--- START ---
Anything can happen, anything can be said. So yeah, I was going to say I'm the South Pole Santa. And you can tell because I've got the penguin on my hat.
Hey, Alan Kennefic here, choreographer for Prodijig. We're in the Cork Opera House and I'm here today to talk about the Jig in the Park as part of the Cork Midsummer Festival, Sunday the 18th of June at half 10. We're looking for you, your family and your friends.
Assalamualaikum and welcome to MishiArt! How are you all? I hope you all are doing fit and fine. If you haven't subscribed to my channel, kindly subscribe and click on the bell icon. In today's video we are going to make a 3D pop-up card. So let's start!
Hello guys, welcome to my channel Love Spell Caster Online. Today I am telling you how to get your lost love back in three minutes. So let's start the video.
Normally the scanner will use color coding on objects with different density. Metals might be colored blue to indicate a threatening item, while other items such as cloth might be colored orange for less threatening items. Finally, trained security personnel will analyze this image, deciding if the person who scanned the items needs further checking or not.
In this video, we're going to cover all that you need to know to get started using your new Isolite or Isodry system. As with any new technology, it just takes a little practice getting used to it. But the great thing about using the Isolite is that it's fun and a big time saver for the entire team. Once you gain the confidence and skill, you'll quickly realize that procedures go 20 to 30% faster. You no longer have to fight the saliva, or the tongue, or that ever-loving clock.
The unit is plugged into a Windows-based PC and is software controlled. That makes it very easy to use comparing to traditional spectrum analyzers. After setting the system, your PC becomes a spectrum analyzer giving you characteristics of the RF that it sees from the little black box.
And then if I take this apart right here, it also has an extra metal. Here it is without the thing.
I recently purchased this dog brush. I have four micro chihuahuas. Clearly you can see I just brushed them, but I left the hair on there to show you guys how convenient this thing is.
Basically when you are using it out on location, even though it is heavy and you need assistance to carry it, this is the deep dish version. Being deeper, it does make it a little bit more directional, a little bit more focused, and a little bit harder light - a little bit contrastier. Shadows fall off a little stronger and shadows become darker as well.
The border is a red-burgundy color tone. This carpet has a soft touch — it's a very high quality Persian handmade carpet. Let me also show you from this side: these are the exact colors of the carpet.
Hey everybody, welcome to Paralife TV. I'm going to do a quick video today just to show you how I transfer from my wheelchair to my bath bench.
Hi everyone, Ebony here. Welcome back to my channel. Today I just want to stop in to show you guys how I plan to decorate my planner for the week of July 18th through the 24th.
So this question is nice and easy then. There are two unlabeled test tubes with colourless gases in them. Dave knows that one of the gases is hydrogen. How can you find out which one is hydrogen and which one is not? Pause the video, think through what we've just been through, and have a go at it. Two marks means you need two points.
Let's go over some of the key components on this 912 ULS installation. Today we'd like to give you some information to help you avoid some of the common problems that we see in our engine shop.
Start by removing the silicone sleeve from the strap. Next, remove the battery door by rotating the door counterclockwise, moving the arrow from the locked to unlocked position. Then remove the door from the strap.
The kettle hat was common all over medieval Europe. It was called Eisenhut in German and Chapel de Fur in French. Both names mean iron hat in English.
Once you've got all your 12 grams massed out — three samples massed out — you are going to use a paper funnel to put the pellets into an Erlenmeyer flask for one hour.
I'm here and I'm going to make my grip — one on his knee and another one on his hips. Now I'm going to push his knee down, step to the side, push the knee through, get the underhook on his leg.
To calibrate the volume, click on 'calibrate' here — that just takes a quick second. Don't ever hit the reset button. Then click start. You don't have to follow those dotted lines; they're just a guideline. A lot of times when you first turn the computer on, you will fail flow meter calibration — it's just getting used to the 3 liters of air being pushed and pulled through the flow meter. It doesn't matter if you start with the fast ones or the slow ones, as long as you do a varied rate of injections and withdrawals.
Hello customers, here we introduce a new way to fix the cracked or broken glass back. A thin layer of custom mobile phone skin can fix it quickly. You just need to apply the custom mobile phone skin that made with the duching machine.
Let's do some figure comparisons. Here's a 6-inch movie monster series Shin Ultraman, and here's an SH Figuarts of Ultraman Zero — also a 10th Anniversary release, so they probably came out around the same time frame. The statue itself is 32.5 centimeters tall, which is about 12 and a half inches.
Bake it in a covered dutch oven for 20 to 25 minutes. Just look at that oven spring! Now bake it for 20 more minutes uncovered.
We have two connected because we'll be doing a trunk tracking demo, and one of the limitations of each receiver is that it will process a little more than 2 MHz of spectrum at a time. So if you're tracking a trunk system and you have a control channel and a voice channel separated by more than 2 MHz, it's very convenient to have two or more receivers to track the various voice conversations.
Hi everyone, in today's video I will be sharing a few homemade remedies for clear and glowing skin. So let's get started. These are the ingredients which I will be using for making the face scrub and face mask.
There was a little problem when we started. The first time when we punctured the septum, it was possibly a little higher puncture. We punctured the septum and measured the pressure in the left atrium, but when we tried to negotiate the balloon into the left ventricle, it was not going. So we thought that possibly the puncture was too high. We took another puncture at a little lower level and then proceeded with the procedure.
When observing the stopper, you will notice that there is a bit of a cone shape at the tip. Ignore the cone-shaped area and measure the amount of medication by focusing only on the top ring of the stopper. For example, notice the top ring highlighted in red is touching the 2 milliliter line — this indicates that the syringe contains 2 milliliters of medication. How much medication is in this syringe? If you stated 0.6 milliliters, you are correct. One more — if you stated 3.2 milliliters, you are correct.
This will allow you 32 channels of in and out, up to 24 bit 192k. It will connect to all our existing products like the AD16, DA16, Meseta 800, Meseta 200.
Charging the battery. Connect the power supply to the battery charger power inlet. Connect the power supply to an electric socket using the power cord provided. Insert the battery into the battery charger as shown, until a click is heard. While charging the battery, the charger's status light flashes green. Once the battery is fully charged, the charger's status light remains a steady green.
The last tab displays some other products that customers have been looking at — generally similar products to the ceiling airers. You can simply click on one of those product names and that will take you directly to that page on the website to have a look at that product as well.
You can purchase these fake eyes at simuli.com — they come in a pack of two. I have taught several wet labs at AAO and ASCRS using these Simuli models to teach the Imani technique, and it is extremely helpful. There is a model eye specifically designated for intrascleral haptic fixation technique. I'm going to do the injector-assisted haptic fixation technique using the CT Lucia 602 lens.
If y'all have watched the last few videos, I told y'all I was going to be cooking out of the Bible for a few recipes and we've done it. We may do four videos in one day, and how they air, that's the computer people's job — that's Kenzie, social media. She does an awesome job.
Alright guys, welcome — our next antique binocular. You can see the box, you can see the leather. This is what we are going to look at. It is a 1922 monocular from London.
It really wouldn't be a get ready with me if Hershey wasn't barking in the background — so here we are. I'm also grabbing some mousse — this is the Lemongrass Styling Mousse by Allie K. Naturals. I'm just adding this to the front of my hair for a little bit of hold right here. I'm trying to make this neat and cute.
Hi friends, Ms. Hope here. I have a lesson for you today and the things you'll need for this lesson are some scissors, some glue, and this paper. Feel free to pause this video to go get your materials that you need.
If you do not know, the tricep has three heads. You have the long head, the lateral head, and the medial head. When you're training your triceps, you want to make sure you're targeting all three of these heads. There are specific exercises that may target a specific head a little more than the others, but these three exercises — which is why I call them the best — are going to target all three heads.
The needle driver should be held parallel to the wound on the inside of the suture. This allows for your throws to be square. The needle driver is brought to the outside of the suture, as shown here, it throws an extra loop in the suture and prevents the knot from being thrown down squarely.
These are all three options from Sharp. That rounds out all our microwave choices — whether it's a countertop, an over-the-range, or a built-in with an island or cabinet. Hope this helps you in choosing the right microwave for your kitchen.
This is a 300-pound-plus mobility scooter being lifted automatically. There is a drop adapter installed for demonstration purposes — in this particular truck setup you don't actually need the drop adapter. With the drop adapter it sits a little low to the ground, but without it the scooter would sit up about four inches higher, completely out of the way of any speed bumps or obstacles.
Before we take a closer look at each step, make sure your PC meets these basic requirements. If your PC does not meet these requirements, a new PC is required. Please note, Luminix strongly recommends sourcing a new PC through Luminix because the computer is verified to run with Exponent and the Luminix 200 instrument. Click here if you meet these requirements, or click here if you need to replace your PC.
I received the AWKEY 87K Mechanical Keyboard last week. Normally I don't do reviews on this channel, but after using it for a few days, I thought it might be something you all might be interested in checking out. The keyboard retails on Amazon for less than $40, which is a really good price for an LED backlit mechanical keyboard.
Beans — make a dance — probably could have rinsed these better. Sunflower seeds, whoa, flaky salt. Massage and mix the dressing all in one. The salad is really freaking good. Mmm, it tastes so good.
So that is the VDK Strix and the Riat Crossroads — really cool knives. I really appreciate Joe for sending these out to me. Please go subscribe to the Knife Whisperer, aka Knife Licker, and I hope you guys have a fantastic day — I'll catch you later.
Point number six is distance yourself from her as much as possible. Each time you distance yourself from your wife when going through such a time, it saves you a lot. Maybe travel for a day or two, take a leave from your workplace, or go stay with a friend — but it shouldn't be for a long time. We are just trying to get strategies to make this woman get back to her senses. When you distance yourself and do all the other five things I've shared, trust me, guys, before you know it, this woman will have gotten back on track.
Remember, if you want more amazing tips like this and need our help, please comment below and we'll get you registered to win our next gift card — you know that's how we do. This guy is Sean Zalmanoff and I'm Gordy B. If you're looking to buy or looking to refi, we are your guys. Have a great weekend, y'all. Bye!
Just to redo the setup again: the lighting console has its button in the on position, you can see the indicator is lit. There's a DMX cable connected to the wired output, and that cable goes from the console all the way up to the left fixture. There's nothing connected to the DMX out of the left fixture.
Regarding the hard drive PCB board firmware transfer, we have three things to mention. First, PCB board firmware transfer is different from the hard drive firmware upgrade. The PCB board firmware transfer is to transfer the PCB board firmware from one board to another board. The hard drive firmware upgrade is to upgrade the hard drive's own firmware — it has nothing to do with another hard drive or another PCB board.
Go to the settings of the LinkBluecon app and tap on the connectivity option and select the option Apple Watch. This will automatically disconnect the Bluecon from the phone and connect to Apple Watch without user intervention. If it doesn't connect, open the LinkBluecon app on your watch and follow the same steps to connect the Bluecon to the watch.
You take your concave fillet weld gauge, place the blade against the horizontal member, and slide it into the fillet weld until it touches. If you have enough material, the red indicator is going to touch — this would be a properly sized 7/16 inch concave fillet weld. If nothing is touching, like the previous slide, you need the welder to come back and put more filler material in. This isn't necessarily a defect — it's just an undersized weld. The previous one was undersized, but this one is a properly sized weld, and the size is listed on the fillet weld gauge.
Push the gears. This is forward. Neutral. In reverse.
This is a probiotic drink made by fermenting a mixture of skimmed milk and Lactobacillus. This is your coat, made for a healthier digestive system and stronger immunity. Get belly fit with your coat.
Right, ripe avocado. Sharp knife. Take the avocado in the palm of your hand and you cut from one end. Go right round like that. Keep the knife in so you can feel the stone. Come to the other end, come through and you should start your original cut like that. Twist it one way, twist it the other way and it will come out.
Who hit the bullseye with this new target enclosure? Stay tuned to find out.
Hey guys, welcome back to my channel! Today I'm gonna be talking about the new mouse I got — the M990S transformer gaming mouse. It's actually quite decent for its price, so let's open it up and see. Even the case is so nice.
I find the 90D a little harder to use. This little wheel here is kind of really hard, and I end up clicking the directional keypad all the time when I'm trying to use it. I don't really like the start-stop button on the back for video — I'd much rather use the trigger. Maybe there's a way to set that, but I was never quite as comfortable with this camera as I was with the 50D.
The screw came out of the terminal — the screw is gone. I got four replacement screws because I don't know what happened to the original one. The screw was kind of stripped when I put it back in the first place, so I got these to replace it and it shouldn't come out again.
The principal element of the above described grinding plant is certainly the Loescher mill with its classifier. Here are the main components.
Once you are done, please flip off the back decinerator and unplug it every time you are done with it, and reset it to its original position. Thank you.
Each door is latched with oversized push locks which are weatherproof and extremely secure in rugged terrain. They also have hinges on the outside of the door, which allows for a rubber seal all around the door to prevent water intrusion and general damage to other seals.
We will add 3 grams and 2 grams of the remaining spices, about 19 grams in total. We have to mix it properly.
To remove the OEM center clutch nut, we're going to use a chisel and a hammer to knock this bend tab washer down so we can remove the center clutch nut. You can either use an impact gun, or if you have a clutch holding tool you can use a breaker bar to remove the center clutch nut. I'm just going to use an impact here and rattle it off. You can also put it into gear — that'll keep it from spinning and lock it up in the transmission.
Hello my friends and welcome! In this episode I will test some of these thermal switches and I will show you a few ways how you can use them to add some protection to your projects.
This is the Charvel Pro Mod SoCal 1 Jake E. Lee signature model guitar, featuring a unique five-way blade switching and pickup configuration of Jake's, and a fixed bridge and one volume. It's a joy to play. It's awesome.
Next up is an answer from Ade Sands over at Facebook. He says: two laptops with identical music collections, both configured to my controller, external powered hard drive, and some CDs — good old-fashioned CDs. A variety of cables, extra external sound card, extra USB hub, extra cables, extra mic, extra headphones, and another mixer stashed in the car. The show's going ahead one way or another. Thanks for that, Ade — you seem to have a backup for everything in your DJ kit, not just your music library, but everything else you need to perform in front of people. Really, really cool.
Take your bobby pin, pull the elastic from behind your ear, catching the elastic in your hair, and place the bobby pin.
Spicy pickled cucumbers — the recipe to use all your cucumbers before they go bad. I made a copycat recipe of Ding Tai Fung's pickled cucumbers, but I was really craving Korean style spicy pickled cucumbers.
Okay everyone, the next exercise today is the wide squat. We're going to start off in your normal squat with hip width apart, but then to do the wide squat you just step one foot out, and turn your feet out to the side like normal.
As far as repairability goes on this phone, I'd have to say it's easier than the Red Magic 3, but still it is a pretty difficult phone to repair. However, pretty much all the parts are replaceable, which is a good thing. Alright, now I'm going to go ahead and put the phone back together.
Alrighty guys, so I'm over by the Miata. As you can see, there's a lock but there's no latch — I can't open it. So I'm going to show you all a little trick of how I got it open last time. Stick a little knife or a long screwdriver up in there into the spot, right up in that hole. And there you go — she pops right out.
--- END ---
◆ Problem description ◆
Take the first line of the material above as the start and the line that contains "Assalamualaikum and welcome" as the end. Output only that span, every line exactly as it stands.

◆ Task result ◆
Anything can happen, anything can be said. So yeah, I was going to say I'm the South Pole Santa. And you can tell because I've got the penguin on my hat.
Hey, Alan Kennefic here, choreographer for Prodijig. We're in the Cork Opera House and I'm here today to talk about the Jig in the Park as part of the Cork Midsummer Festival, Sunday the 18th of June at half 10. We're looking for you, your family and your friends.
Assalamualaikum and welcome to MishiArt! How are you all? I hope you all are doing fit and fine. If you haven't subscribed to my channel, kindly subscribe and click on the bell icon. In today's video we are going to make a 3D pop-up card. So let's start!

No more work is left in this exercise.